_Exercise_
Line by line, output everything from the one that contains "Een ruime woonkamer" through the end of the material below, exactly as written and with no pictures.

_Information supplied_

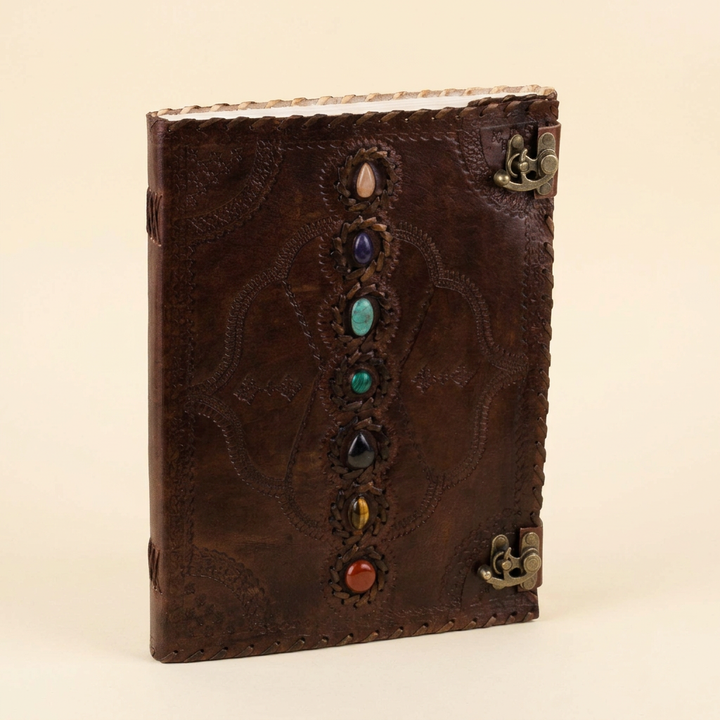 Brown embossed leather journal with seven colorful stones and two metal clasps on an ivory background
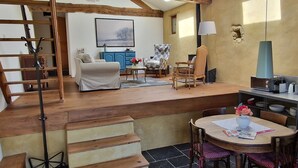Een ruime woonkamer met een trap, een eettafel met stoelen, een bank en een blauwe kast.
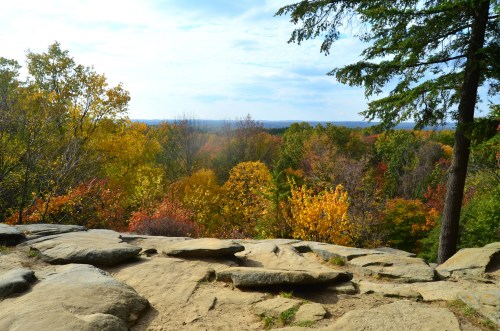 A rocky overlook with vibrant autumn foliage in the background under a partly cloudy sky.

_Reply_
Een ruime woonkamer met een trap, een eettafel met stoelen, een bank en een blauwe kast.
 A rocky overlook with vibrant autumn foliage in the background under a partly cloudy sky.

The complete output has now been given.